** Problem requirements **
The records are to be copied from the line that contains "White wooden kids" through their last line, word for word, with every picture left out.
---- Data for this task
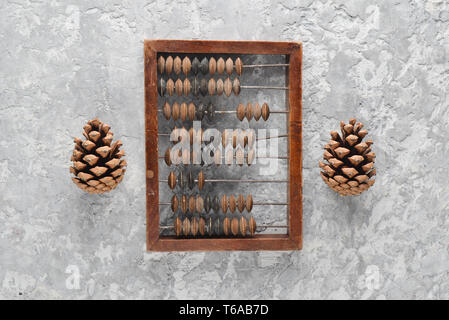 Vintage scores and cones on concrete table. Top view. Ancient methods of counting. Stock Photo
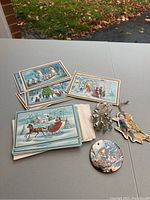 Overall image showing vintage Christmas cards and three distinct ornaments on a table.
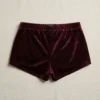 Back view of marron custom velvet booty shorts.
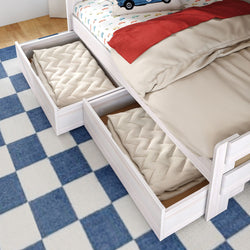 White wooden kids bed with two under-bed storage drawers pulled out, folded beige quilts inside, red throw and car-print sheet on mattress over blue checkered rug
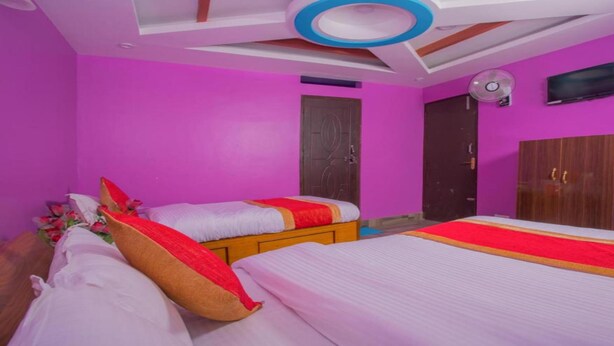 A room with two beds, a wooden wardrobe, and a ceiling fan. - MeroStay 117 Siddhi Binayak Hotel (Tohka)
--------
** Written response **
 White wooden kids bed with two under-bed storage drawers pulled out, folded beige quilts inside, red throw and car-print sheet on mattress over blue checkered rug
 A room with two beds, a wooden wardrobe, and a ceiling fan. - MeroStay 117 Siddhi Binayak Hotel (Tohka)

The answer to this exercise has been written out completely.